I am going to make an argument here that we have now as a society encountered—for perhaps the first time in history—an “ontological crisis.” What do I mean? I mean a crisis about reality. Now I don’t believe this crisis is particularly influential for most ordinary people, nor for most subjects of investigation. A philosopher once said about George Berkeley’s idealism that he (Berkeley) should go out and “kick a stone” if he was a little skeptical of reality (by the way Berkeley was not skeptical of reality, only about how it was guaranteed). That’s true for most of us. We believe what we see, hear, smell, taste and touch is real. Moreover in most cases it is what it appears to be. “If it walks like a duck and quacks like a duck, it is (almost always) a duck,” it has been said. For centuries this has been the case and in the Christian tradition, this has been true. Not to say we may not have problems in interpreting or defining what it is we see, hear, touch, etc. We may. But we do also take it as real and once we investigate it a little more, we know more accurately what it (whatever that “thing” is) is, and that it is really that.
But recently ontology (the study of reality) has come under fire. One of its enemies has been “social constructivism” (SC). SC can just mean that nurture plays a big role in making humans what they are—how they think and act, their environment. That isn’t altogether wrong, as long as we understand that nature is also crucial and precedes nurture. I am made in the image of God and I am also a sinner with a sin nature. I am also a particular kind of person, with an ontologically fixed gender and racial-ethnic makeup. I am also both a spiritual and a material being.

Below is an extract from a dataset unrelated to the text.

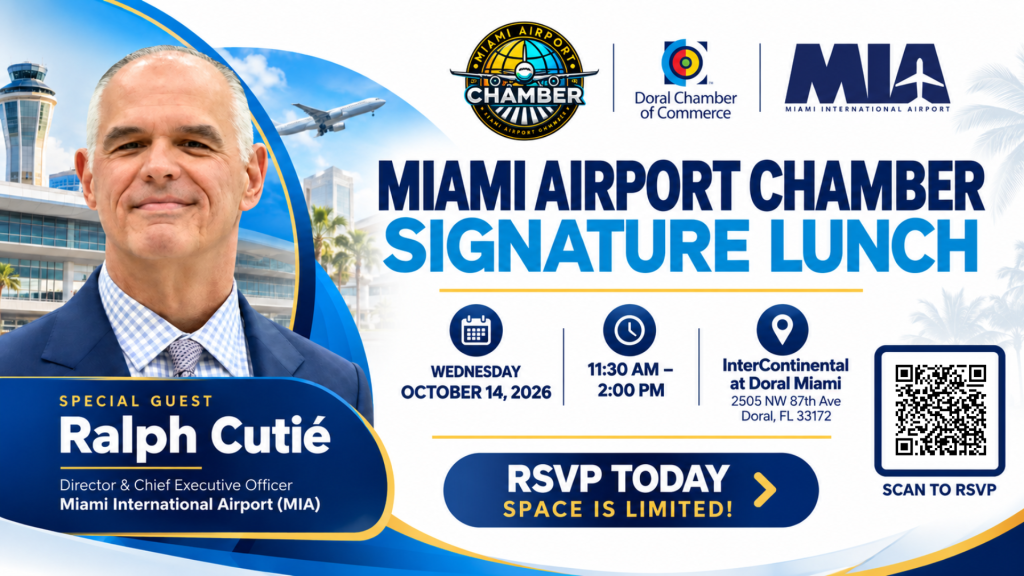 Miami Airport Chamber Signature Lunch Featuring Ralph Cutié, Director & CEO of Miami International Airport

What the radical SC says however is that nurture is essentially all there is. So if I think I am of a particular gender, regardless of the biological facts, then I am now allowed, no, encouraged, to say that is how I feel and so that is what I am. This sounds like Bruce (aka Caitlyn) Jenner. Likewise if I think I am black (not African-American, but black), and I “identify” closely with that group, then I can say I am black. This social construction of reality is very disturbing. Objectivity of reality can tend to disappear,, lost in nothing but individual and subjective beliefs with no grounding in truth. Truth itself tends to then be undermined.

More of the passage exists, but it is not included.